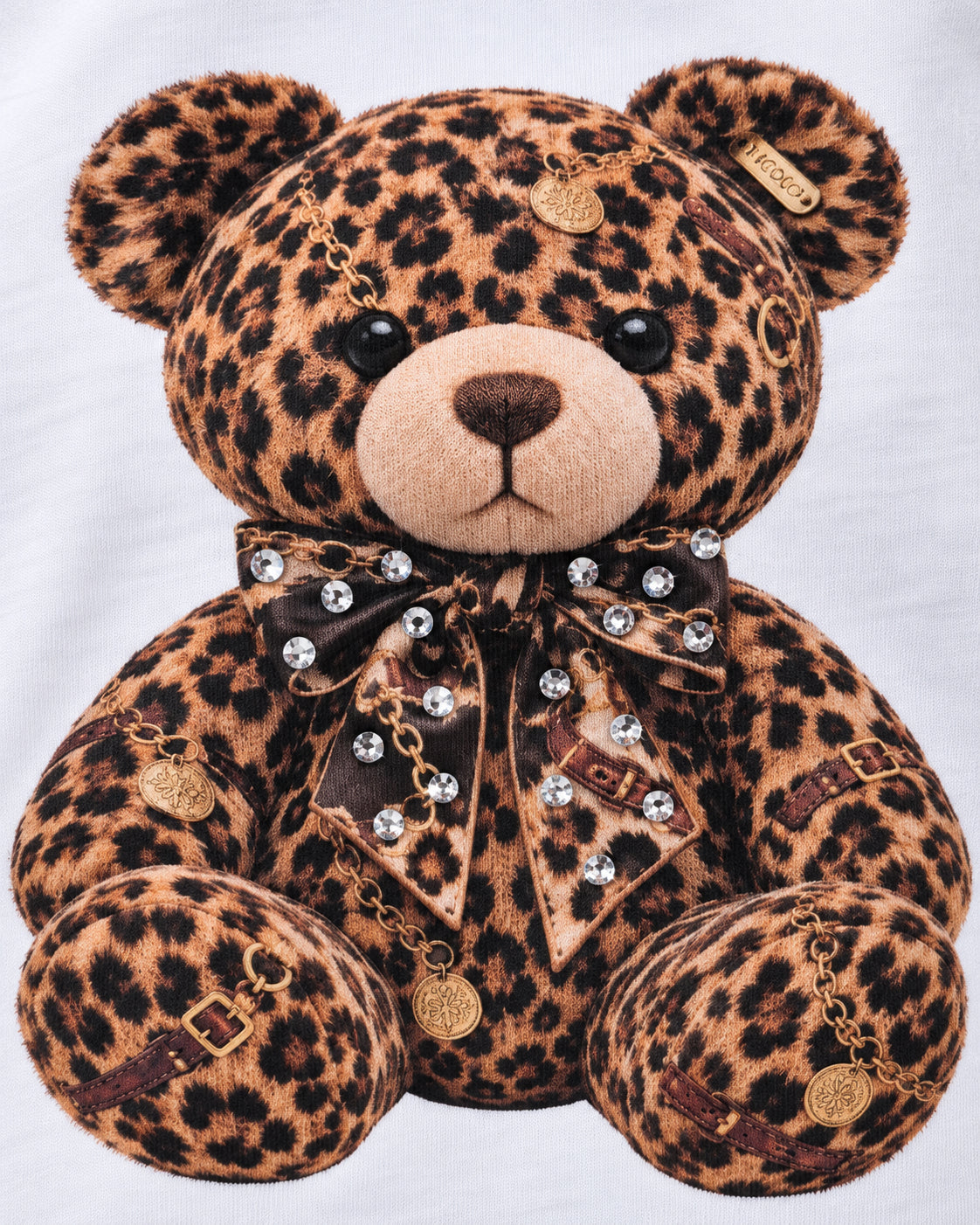 T-shirt oversize con orsetto animalier e strass - VICOLO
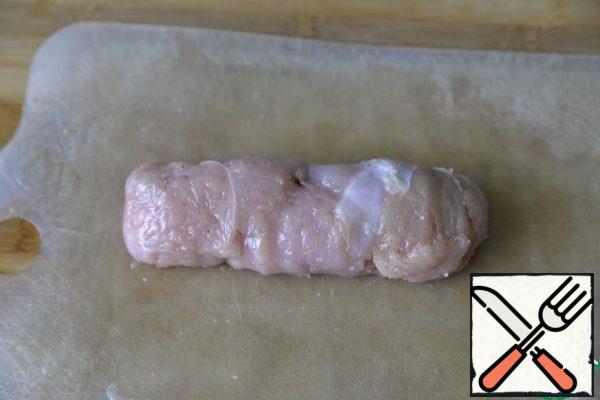 Wrap in a roll, brush with oil.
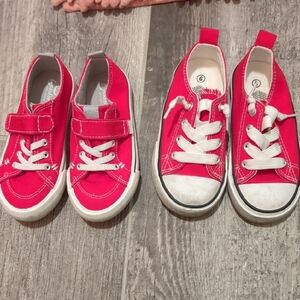 Two Amazon Kids Red Sneakers with White Accents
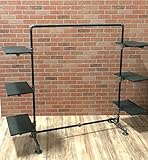 Industrial Pipe Clothing Rack with Wood Side Shelves by William Robert's Vintage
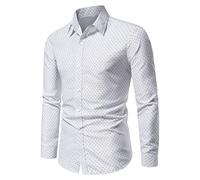 TnmZi Chemise Homme Pois Imprimé Printemps Été Chemise Traditionnelle Hommes Revers Slim Fit Affaires Manche Longue Chemise Homme Mode Travail Urbain Tops Homme D-White S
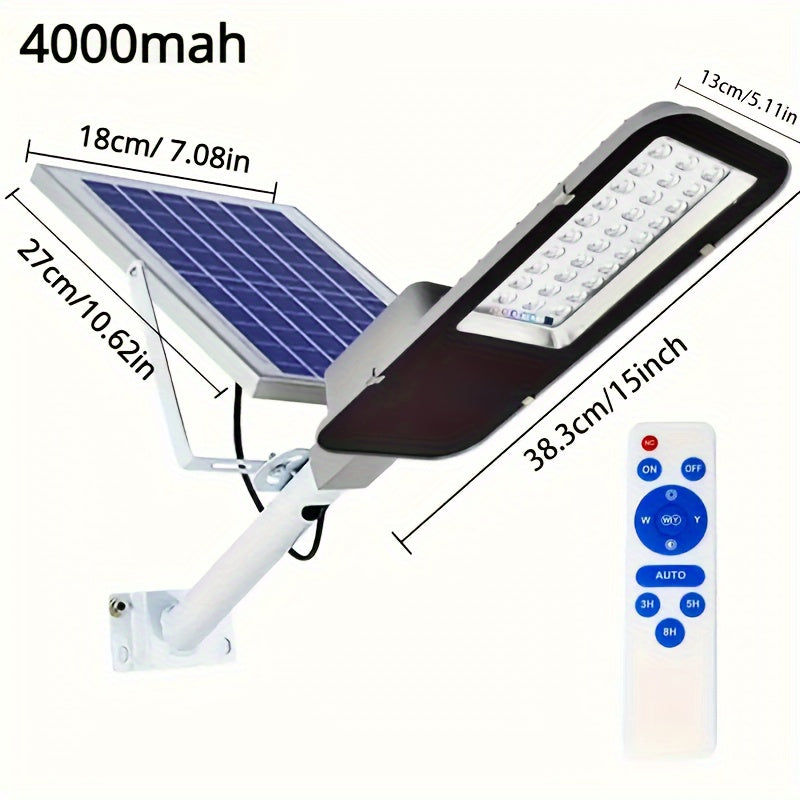 Farola solar exterior con batería de 6000mAh, control remoto, iluminación para patio y jardín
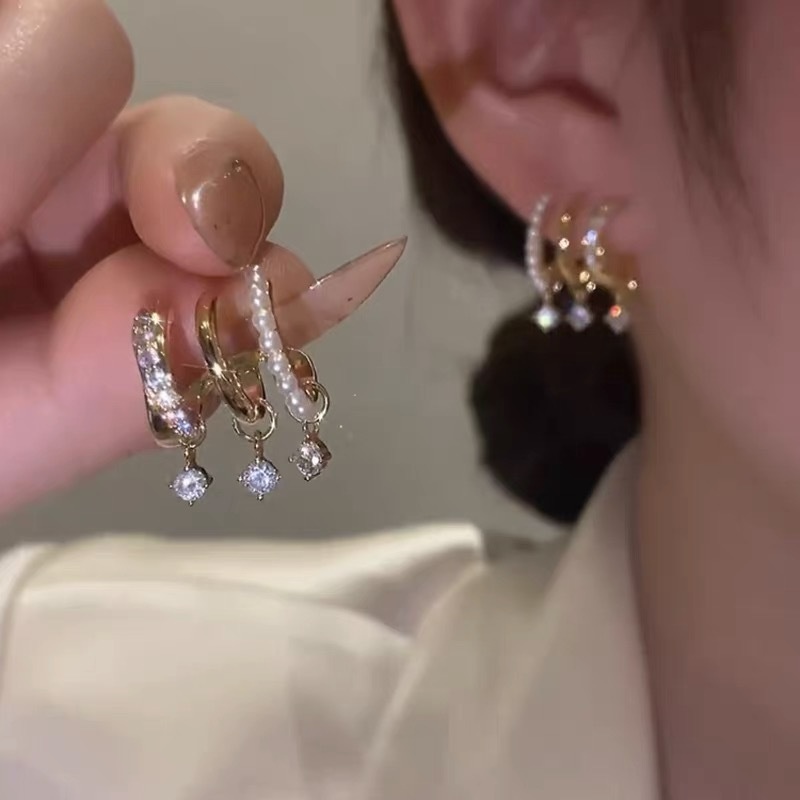 Anting Stud Zircon Mutiara Berlian Imitasi Multilayer Gaya Korea Untuk Wanita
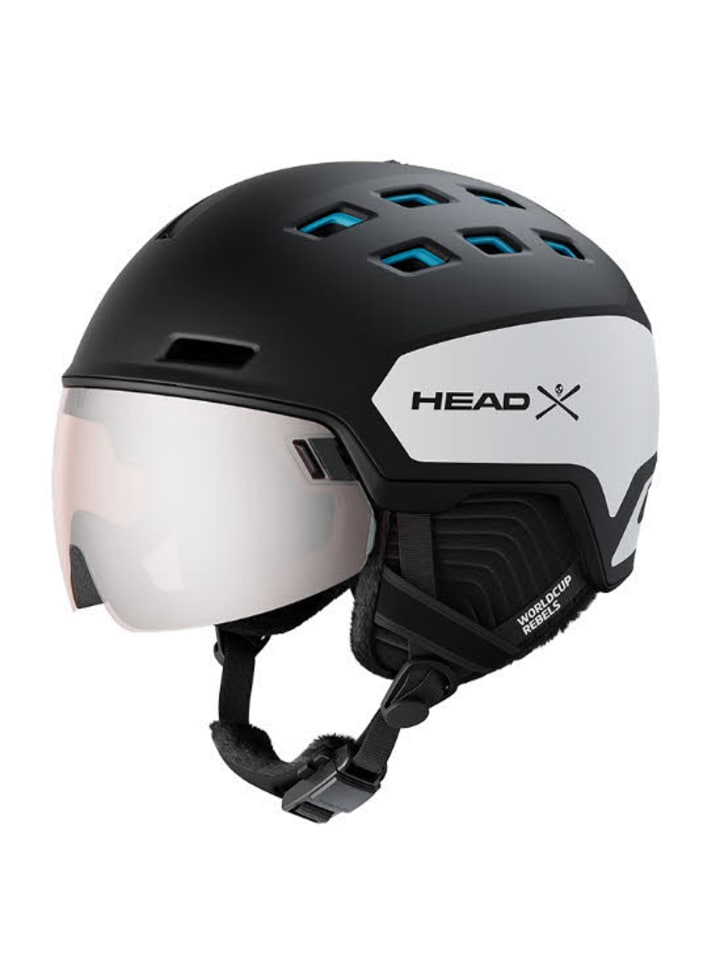 Skihelm mit Visier in schwarz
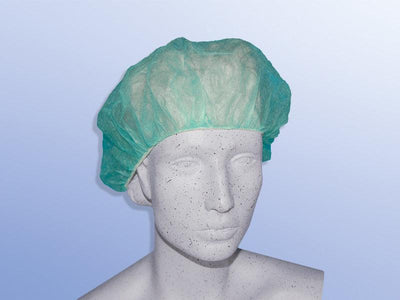 Einmalhaube, BOUFFANT-Haube einfach grün, weiß, VE = 100 Stück - Notemed Medizintechnik 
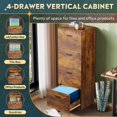 thumbnail image 4 of CZMDZH 4 Drawer File Cabinet with Lock, Vertical Filing Cabinet for A4/Letter Size Files, Wood Storage Organizer for Home Office, Rustic Brown,4 Drawer, 4 of 7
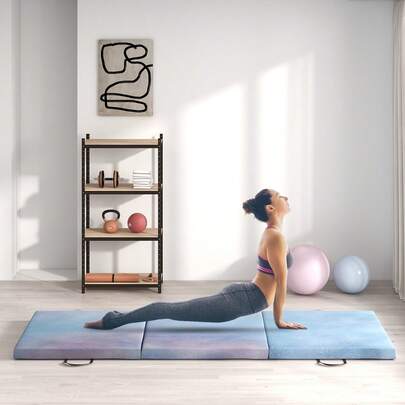  HOMCOM Colchoneta Gimnasia Plegable de Grosor 5 cm, Tapete de Ejercicio, 180x60x5 cm, con Asas de Transporte, Esterilla de Gimnasia para Yoga, Aeróbic, Artes Marciales, Azul Degradado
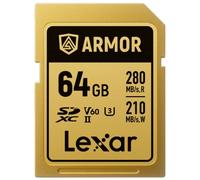 Lexar ARMOR 64GB SDXC Pro Gold Stainless Steel UHS-II V60 IP68 280MB/s Card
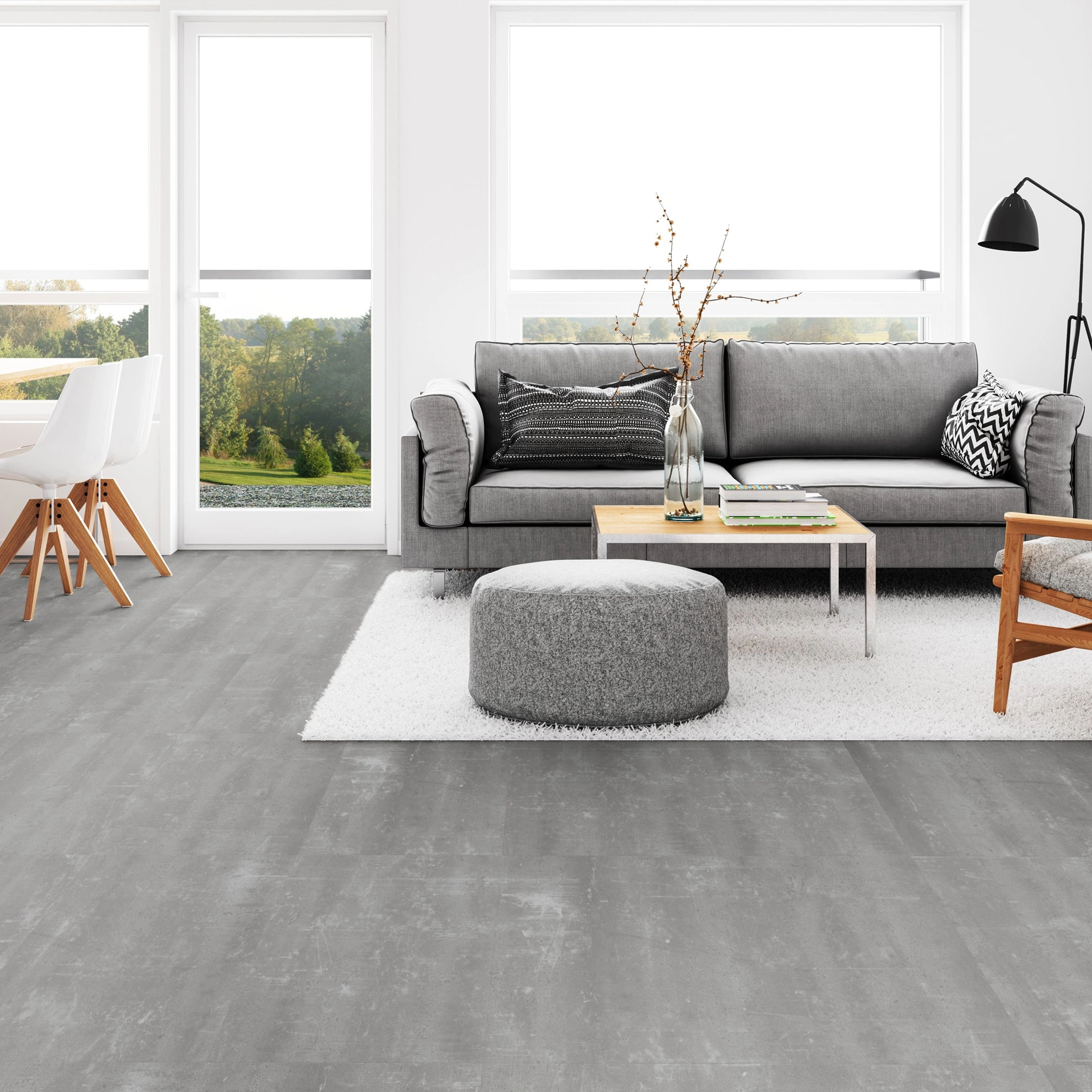Milieubild Wohnzimmer mit Esszimmer - Tarkett Klebe-Vinyl Essence 30 Scratched Cement Grey Milieubild Wohnzimmer mit Esszimmer - Tarkett 260056010
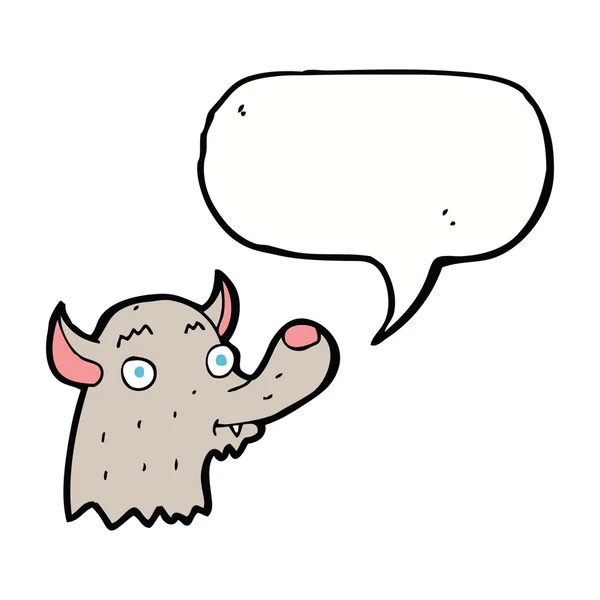Cartone animato lupo felice con la bolla discorso — Vettoriale Stock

-------

> [YOUR OBJECTIVE]:
Would you set down only the lines above from the line with "thumbnail image 4" to the line with "Lexar ARMOR 64GB", both included, exactly as they stand and without the pictures?

> [RESULT BELOW]:
 thumbnail image 4 of CZMDZH 4 Drawer File Cabinet with Lock, Vertical Filing Cabinet for A4/Letter Size Files, Wood Storage Organizer for Home Office, Rustic Brown,4 Drawer, 4 of 7
  HOMCOM Colchoneta Gimnasia Plegable de Grosor 5 cm, Tapete de Ejercicio, 180x60x5 cm, con Asas de Transporte, Esterilla de Gimnasia para Yoga, Aeróbic, Artes Marciales, Azul Degradado
 Lexar ARMOR 64GB SDXC Pro Gold Stainless Steel UHS-II V60 IP68 280MB/s Card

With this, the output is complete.